§ **Activity**
Reproduce from the records below, with no pictures, exactly the lines between the one containing "vidaXL Sonnensegel Oxford-Gewebe" and the one containing "Универсальный Авто точность", inclusive.

§ **Record excerpts**

════

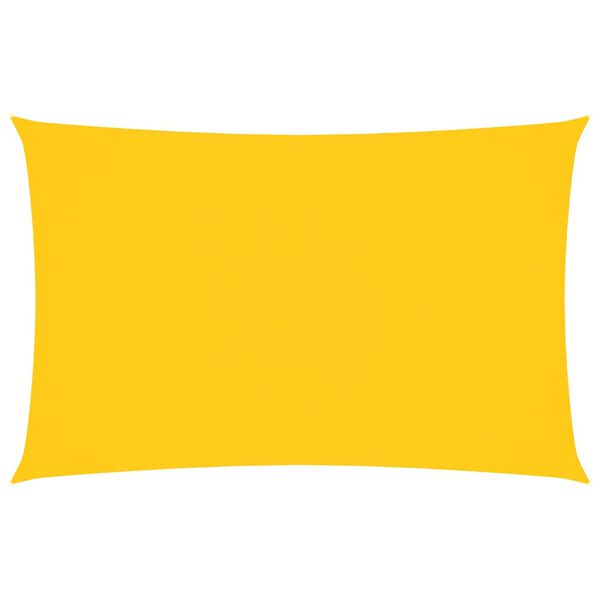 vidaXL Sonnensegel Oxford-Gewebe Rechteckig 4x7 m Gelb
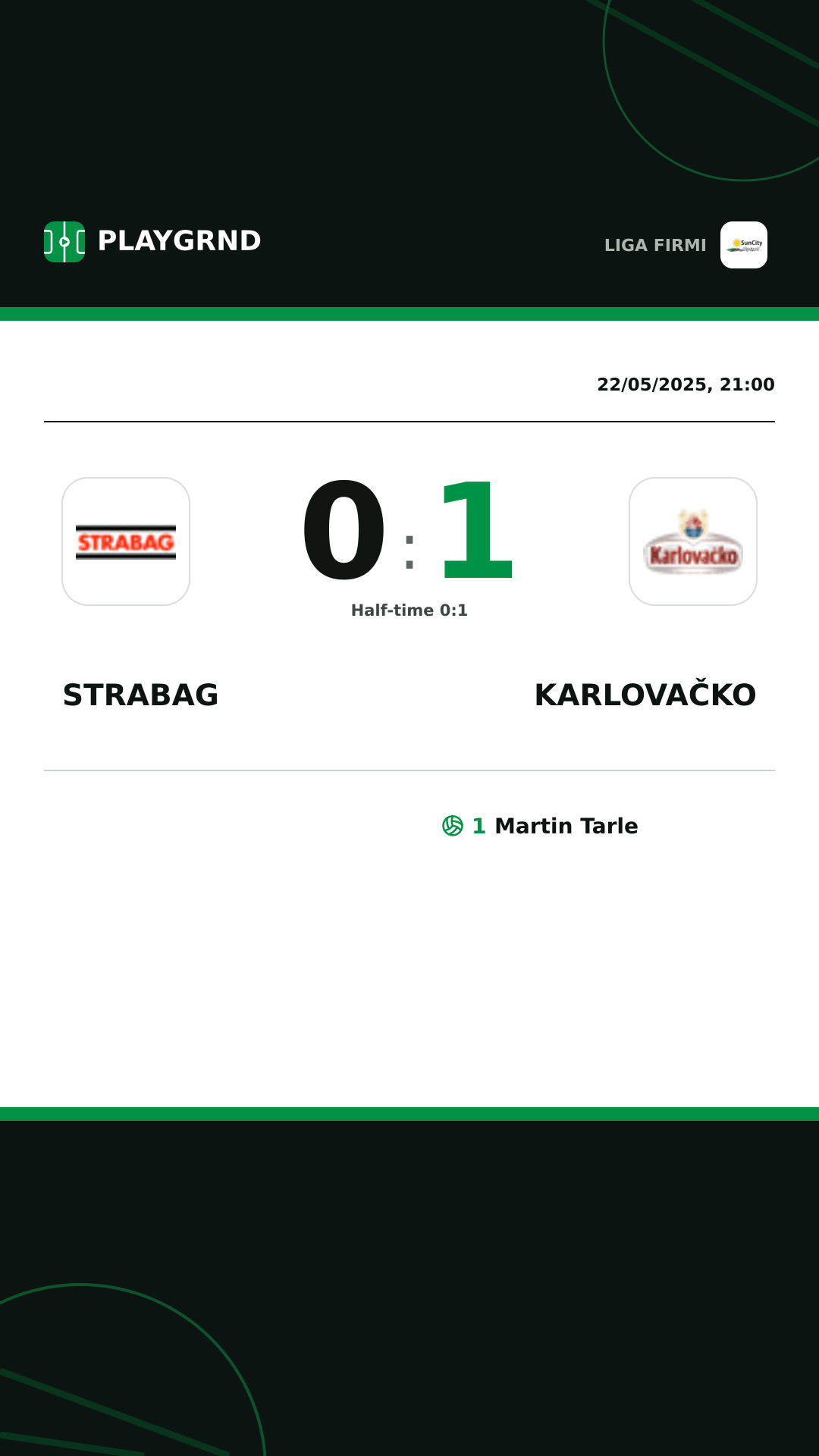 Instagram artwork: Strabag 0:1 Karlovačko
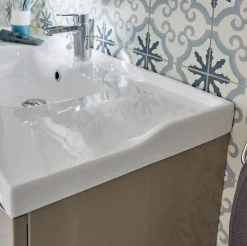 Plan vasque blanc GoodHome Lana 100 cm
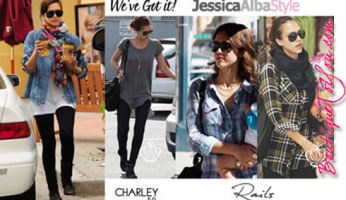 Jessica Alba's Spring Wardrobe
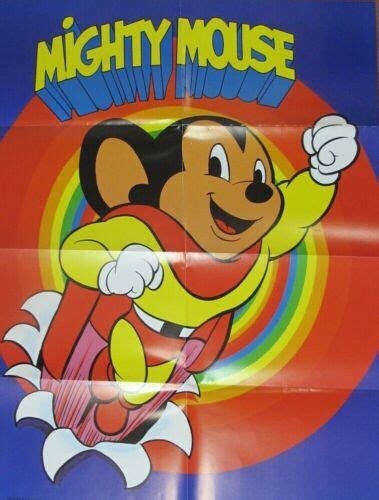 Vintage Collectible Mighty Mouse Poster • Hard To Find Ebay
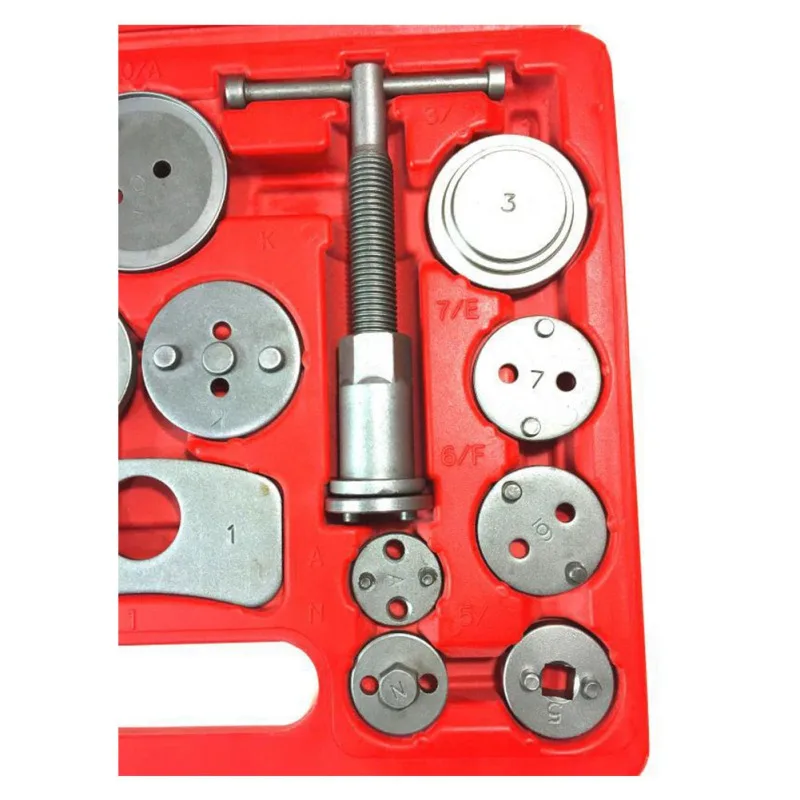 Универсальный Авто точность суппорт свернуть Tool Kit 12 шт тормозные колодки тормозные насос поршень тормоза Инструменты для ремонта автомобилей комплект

════

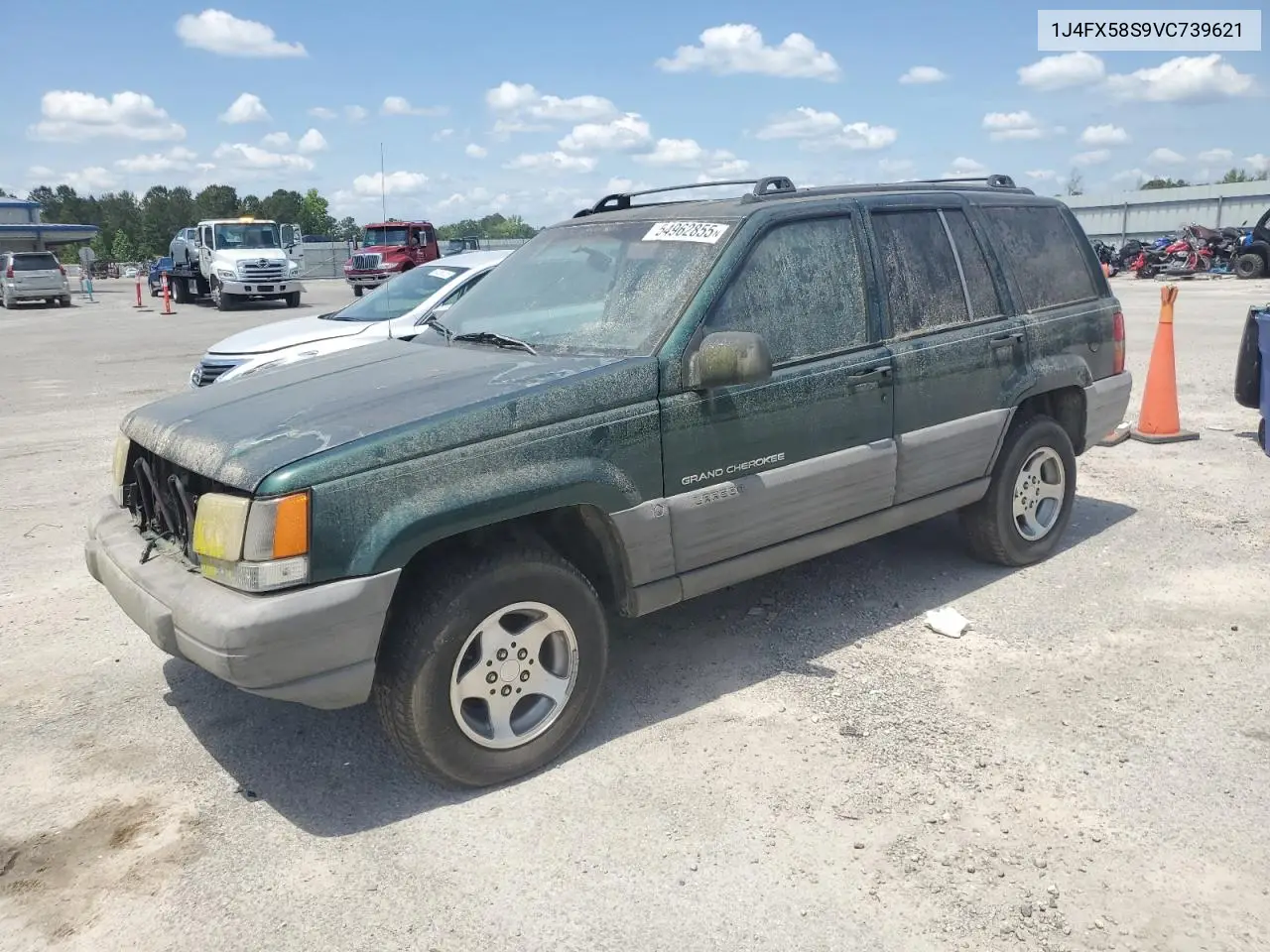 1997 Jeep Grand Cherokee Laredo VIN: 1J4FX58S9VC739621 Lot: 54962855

════

§ **Solution to the problem**
 vidaXL Sonnensegel Oxford-Gewebe Rechteckig 4x7 m Gelb
 Instagram artwork: Strabag 0:1 Karlovačko
 Plan vasque blanc GoodHome Lana 100 cm
 Jessica Alba's Spring Wardrobe
 Vintage Collectible Mighty Mouse Poster • Hard To Find Ebay
 Универсальный Авто точность суппорт свернуть Tool Kit 12 шт тормозные колодки тормозные насос поршень тормоза Инструменты для ремонта автомобилей комплект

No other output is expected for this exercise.